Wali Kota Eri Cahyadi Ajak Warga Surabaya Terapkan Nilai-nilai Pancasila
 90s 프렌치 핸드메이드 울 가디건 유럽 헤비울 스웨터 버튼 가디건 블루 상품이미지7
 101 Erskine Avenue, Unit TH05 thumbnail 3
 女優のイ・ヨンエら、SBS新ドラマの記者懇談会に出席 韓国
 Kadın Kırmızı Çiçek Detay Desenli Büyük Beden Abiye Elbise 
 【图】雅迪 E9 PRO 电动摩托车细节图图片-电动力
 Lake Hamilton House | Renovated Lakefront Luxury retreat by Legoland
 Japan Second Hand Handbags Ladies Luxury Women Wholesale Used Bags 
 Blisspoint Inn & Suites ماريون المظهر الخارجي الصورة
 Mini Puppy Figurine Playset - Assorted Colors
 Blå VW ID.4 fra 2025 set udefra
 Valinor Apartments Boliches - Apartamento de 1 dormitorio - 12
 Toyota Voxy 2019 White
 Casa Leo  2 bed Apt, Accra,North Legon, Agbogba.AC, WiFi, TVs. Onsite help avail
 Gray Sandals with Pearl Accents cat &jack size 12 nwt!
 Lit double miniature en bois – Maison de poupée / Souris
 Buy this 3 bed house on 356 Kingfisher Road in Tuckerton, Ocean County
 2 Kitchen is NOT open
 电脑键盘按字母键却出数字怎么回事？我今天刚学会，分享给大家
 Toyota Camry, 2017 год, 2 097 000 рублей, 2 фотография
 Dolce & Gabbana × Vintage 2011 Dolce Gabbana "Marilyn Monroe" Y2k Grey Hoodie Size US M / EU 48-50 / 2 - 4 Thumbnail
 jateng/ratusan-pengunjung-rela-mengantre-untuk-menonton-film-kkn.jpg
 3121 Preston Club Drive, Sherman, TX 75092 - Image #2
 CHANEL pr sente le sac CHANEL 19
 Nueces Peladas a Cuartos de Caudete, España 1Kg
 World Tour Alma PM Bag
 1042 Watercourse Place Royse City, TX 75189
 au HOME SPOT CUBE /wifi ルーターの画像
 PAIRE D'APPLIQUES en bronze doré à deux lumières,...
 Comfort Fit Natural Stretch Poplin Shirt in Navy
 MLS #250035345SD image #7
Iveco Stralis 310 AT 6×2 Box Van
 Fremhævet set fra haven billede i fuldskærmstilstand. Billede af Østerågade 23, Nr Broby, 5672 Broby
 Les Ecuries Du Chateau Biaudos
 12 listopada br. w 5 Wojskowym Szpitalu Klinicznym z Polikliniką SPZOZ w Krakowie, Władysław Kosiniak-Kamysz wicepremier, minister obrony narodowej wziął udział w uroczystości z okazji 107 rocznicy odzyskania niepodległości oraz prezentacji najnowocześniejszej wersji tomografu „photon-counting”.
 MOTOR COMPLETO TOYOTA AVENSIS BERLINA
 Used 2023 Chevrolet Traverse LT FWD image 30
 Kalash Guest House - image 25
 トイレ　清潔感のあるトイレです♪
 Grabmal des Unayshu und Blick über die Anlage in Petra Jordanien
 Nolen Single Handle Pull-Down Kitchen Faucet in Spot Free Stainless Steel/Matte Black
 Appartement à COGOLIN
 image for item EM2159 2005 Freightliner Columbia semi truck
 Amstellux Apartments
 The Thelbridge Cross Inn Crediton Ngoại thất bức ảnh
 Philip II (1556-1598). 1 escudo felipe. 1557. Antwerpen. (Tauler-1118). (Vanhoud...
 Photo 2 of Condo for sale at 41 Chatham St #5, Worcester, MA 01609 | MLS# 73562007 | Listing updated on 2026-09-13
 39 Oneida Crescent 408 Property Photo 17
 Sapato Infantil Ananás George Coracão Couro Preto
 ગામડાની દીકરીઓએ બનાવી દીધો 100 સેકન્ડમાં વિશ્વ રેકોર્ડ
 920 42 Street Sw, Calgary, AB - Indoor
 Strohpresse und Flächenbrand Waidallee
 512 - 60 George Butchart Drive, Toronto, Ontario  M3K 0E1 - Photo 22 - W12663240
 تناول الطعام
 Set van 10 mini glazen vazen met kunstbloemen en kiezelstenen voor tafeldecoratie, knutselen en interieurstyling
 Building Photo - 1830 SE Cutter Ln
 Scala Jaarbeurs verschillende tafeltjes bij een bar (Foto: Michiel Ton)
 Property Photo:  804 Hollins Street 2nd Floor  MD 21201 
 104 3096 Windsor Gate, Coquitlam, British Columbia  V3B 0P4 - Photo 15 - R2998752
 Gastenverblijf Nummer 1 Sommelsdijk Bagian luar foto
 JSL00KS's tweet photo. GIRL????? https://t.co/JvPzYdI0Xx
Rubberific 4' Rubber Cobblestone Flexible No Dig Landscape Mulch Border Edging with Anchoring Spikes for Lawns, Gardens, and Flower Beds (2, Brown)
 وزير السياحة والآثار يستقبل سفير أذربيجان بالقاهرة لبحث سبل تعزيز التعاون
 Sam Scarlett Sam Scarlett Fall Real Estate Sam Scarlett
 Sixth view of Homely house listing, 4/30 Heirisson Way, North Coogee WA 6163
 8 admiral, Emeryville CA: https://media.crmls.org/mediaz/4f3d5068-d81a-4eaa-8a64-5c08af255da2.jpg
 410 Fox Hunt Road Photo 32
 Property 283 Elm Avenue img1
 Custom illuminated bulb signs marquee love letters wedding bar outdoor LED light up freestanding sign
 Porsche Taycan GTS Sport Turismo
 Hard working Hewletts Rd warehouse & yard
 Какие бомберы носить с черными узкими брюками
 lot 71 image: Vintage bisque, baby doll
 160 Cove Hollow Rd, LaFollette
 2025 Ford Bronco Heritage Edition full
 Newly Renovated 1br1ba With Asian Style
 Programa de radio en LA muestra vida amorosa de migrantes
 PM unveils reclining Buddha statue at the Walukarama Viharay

## About this task
Write the listing out again so that nothing in it differs from the original.

## Answer box
Wali Kota Eri Cahyadi Ajak Warga Surabaya Terapkan Nilai-nilai Pancasila
 90s 프렌치 핸드메이드 울 가디건 유럽 헤비울 스웨터 버튼 가디건 블루 상품이미지7
 101 Erskine Avenue, Unit TH05 thumbnail 3
 女優のイ・ヨンエら、SBS新ドラマの記者懇談会に出席 韓国
 Kadın Kırmızı Çiçek Detay Desenli Büyük Beden Abiye Elbise 
 【图】雅迪 E9 PRO 电动摩托车细节图图片-电动力
 Lake Hamilton House | Renovated Lakefront Luxury retreat by Legoland
 Japan Second Hand Handbags Ladies Luxury Women Wholesale Used Bags 
 Blisspoint Inn & Suites ماريون المظهر الخارجي الصورة
 Mini Puppy Figurine Playset - Assorted Colors
 Blå VW ID.4 fra 2025 set udefra
 Valinor Apartments Boliches - Apartamento de 1 dormitorio - 12
 Toyota Voxy 2019 White
 Casa Leo  2 bed Apt, Accra,North Legon, Agbogba.AC, WiFi, TVs. Onsite help avail
 Gray Sandals with Pearl Accents cat &jack size 12 nwt!
 Lit double miniature en bois – Maison de poupée / Souris
 Buy this 3 bed house on 356 Kingfisher Road in Tuckerton, Ocean County
 2 Kitchen is NOT open
 电脑键盘按字母键却出数字怎么回事？我今天刚学会，分享给大家
 Toyota Camry, 2017 год, 2 097 000 рублей, 2 фотография
 Dolce & Gabbana × Vintage 2011 Dolce Gabbana "Marilyn Monroe" Y2k Grey Hoodie Size US M / EU 48-50 / 2 - 4 Thumbnail
 jateng/ratusan-pengunjung-rela-mengantre-untuk-menonton-film-kkn.jpg
 3121 Preston Club Drive, Sherman, TX 75092 - Image #2
 CHANEL pr sente le sac CHANEL 19
 Nueces Peladas a Cuartos de Caudete, España 1Kg
 World Tour Alma PM Bag
 1042 Watercourse Place Royse City, TX 75189
 au HOME SPOT CUBE /wifi ルーターの画像
 PAIRE D'APPLIQUES en bronze doré à deux lumières,...
 Comfort Fit Natural Stretch Poplin Shirt in Navy
 MLS #250035345SD image #7
Iveco Stralis 310 AT 6×2 Box Van
 Fremhævet set fra haven billede i fuldskærmstilstand. Billede af Østerågade 23, Nr Broby, 5672 Broby
 Les Ecuries Du Chateau Biaudos
 12 listopada br. w 5 Wojskowym Szpitalu Klinicznym z Polikliniką SPZOZ w Krakowie, Władysław Kosiniak-Kamysz wicepremier, minister obrony narodowej wziął udział w uroczystości z okazji 107 rocznicy odzyskania niepodległości oraz prezentacji najnowocześniejszej wersji tomografu „photon-counting”.
 MOTOR COMPLETO TOYOTA AVENSIS BERLINA
 Used 2023 Chevrolet Traverse LT FWD image 30
 Kalash Guest House - image 25
 トイレ　清潔感のあるトイレです♪
 Grabmal des Unayshu und Blick über die Anlage in Petra Jordanien
 Nolen Single Handle Pull-Down Kitchen Faucet in Spot Free Stainless Steel/Matte Black
 Appartement à COGOLIN
 image for item EM2159 2005 Freightliner Columbia semi truck
 Amstellux Apartments
 The Thelbridge Cross Inn Crediton Ngoại thất bức ảnh
 Philip II (1556-1598). 1 escudo felipe. 1557. Antwerpen. (Tauler-1118). (Vanhoud...
 Photo 2 of Condo for sale at 41 Chatham St #5, Worcester, MA 01609 | MLS# 73562007 | Listing updated on 2026-09-13
 39 Oneida Crescent 408 Property Photo 17
 Sapato Infantil Ananás George Coracão Couro Preto
 ગામડાની દીકરીઓએ બનાવી દીધો 100 સેકન્ડમાં વિશ્વ રેકોર્ડ
 920 42 Street Sw, Calgary, AB - Indoor
 Strohpresse und Flächenbrand Waidallee
 512 - 60 George Butchart Drive, Toronto, Ontario  M3K 0E1 - Photo 22 - W12663240
 تناول الطعام
 Set van 10 mini glazen vazen met kunstbloemen en kiezelstenen voor tafeldecoratie, knutselen en interieurstyling
 Building Photo - 1830 SE Cutter Ln
 Scala Jaarbeurs verschillende tafeltjes bij een bar (Foto: Michiel Ton)
 Property Photo:  804 Hollins Street 2nd Floor  MD 21201 
 104 3096 Windsor Gate, Coquitlam, British Columbia  V3B 0P4 - Photo 15 - R2998752
 Gastenverblijf Nummer 1 Sommelsdijk Bagian luar foto
 JSL00KS's tweet photo. GIRL????? https://t.co/JvPzYdI0Xx
Rubberific 4' Rubber Cobblestone Flexible No Dig Landscape Mulch Border Edging with Anchoring Spikes for Lawns, Gardens, and Flower Beds (2, Brown)
 وزير السياحة والآثار يستقبل سفير أذربيجان بالقاهرة لبحث سبل تعزيز التعاون
 Sam Scarlett Sam Scarlett Fall Real Estate Sam Scarlett
 Sixth view of Homely house listing, 4/30 Heirisson Way, North Coogee WA 6163
 8 admiral, Emeryville CA: https://media.crmls.org/mediaz/4f3d5068-d81a-4eaa-8a64-5c08af255da2.jpg
 410 Fox Hunt Road Photo 32
 Property 283 Elm Avenue img1
 Custom illuminated bulb signs marquee love letters wedding bar outdoor LED light up freestanding sign
 Porsche Taycan GTS Sport Turismo
 Hard working Hewletts Rd warehouse & yard
 Какие бомберы носить с черными узкими брюками
 lot 71 image: Vintage bisque, baby doll
 160 Cove Hollow Rd, LaFollette
 2025 Ford Bronco Heritage Edition full
 Newly Renovated 1br1ba With Asian Style
 Programa de radio en LA muestra vida amorosa de migrantes
 PM unveils reclining Buddha statue at the Walukarama Viharay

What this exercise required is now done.